The opening in February 2016 of Cheniere Energy’s Sabine Pass LNG export terminal in Louisiana — the first export facility in the lower 48 states — helped push the country from being a net importer of natural gas to a net exporter for four of the first six months of 2017, according to the U.S. Census Bureau.

LNG exports natural gas
| EIA

The U.S. ranked 16th in LNG exports in 2016, with only a 1.1% market share. But about half of global export capacity under construction is in the U.S.

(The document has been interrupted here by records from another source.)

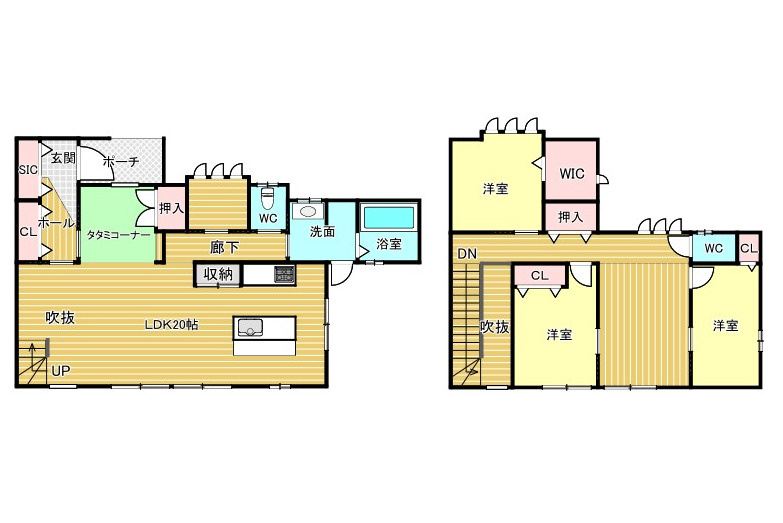 中古住宅　一日市場4丁目の間取り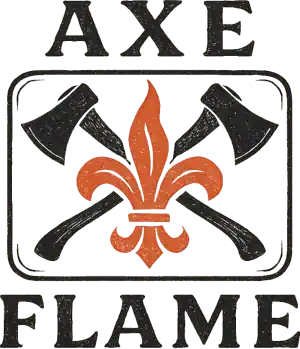 AXE and FLAME logo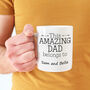 Personalised This Amazing Dad Daddy Belongs To Mug, thumbnail 1 of 2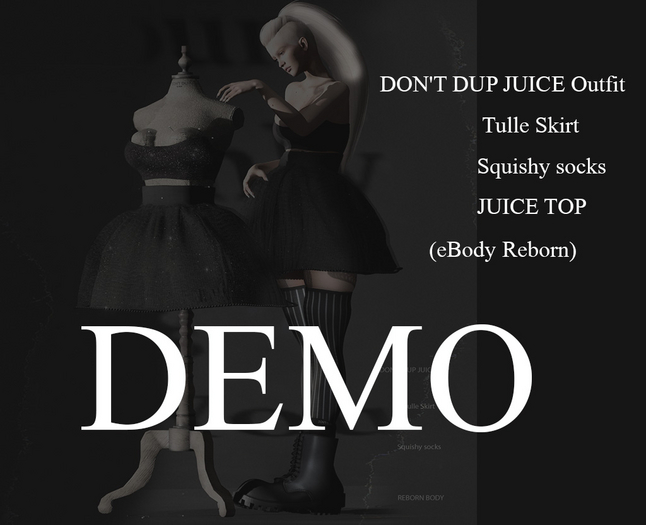 DON'T DUP SKIRT- SOCKS- TOP DEMO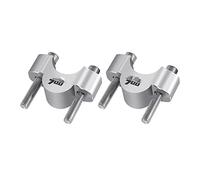 Handle Bars Mount Clamp, For Tenere 700 / XT700Z 2019 2020 2021 2022 2023 2024 HandleBar Riser Clamp Extend Heightening Handle Bar Grip Clamp(Silver)(Silver)
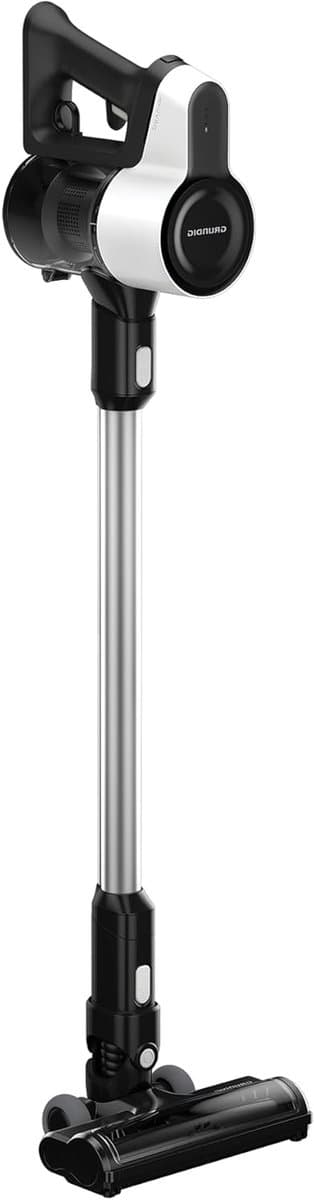 Accu Steelstofzuiger - Draadloze Stofzuiger - Efficiënt Schoonmaken - Tot 45 Min Gebruiksduur - 550 ml Reservoir - Wit Zwart — afbeelding 1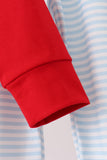 Red Reindeer French Knot Pants Set - Aaria Tees Aaria Tees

Sabine Pass and the only other existing export terminal in the U.S., ConocoPhillips’ Kenai LNG Plant in Nikiski, Alaska, have a combined capacity of 2.3 Bcfd. An additional 11 other terminals with a combined capacity of 16.4 Bcfd have been approved, and 14 terminals (25 Bcfd) have pending applications or are in the prefiling stage, according to FERC.

| EIA

The Trump administration has pushed to expand LNG exports, particularly to European Union countries dependent on Russian gas, continuing an Obama-era policy to counter Russian influence. Russia supplied more than one-third of Europe’s gas in 2016 and is expected to remain its biggest supplier through 2035.

Although some government strategists find U.S. shale gas wealth appealing as a geopolitical lever, economists say exporting too much gas could expose U.S. consumers, industrial users and electric generators to much higher world prices. Australia’s surge in LNG exports provides a cautionary tale. The country, which exported 62% of its production last year, was hit with a February heat wave that resulted in gas shortages and blackouts.

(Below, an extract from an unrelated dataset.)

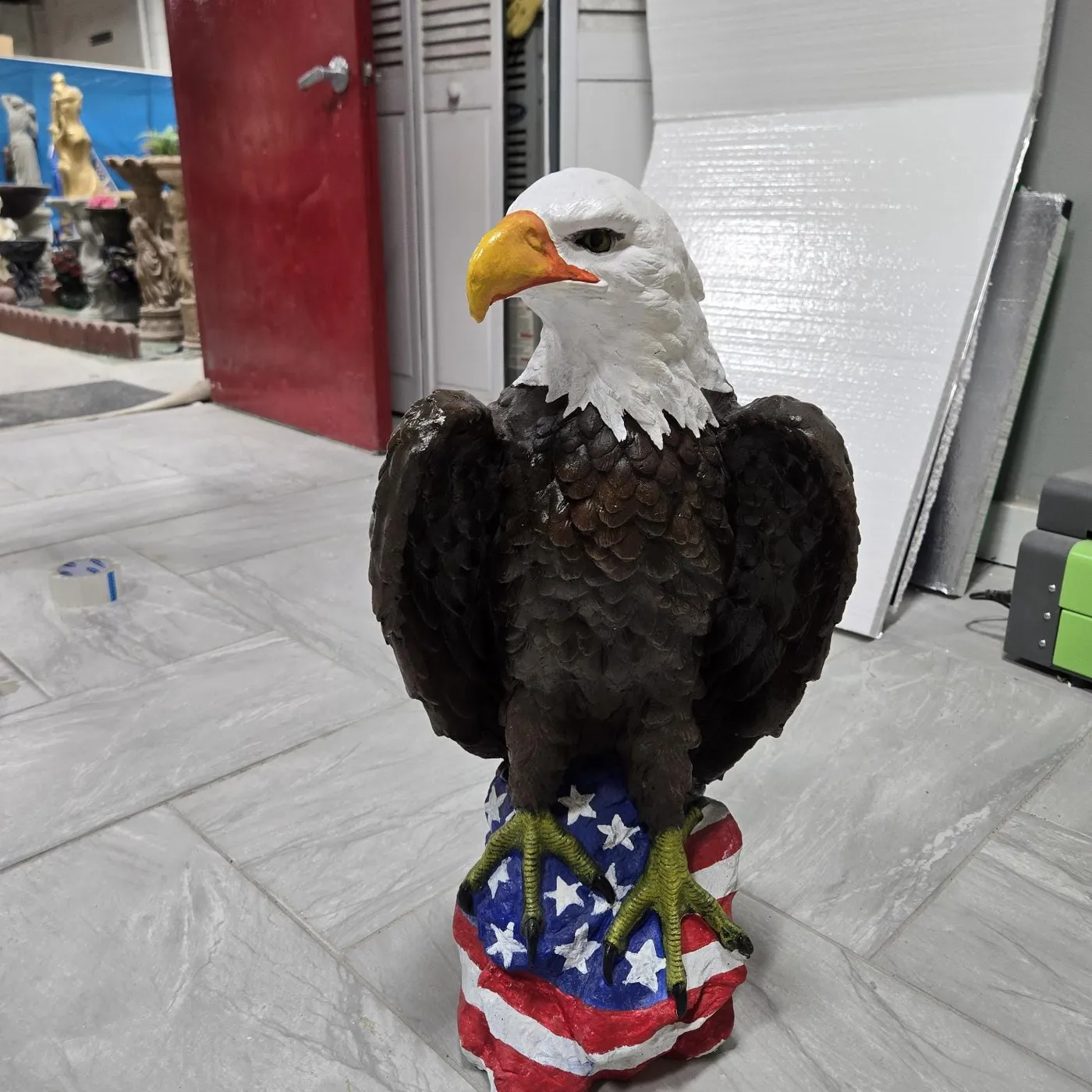 24″ Perched Bald Eagle, Solid Concrete, photo 10 of 10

But there is no agreement on what is the tipping point for the U.S. or how soon we could get there. The answer depends on at least three variables: How big is the U.S. supply? How much demand is there for U.S. exports? And what will be the impact of increasing exports on U.S. gas prices? (See related story, No Agreement on Tipping Point for LNG Exports.)

Chris McGill, vice president of policy analysis for the American Gas Association, which represents more than 200 gas utilities, is unconcerned.

“We have not believed that incremental elements of demand — like LNG growing over time, like more gas for power generation — destroy the market for small volume users,” he said. “In fact, if you look at the recent history, and particularly since the shale revolution, we have a market that’s been demand-constrained, not supply-constrained.”

John Shelk, CEO of the Electric Power Supply Association, said independent power producers aren’t concerned by an increase in exports influencing electricity prices either. “We agree with our producer colleagues that the supply curve is so flat that any increased demand from LNG exports going up can be met without a meaningful uptick in prices,” he said.

But the Industrial Energy Consumers of America (IECA) is alarmed by the trend. The group, which represents companies with 2,600 facilities and 1.7 million employees, issued a statement in July disputing Trump’s boast that the U.S. is “sitting on massive” energy reserves. It called for a moratorium on further approvals of LNG exports to countries without free-trade agreements (FTAs) with the U.S.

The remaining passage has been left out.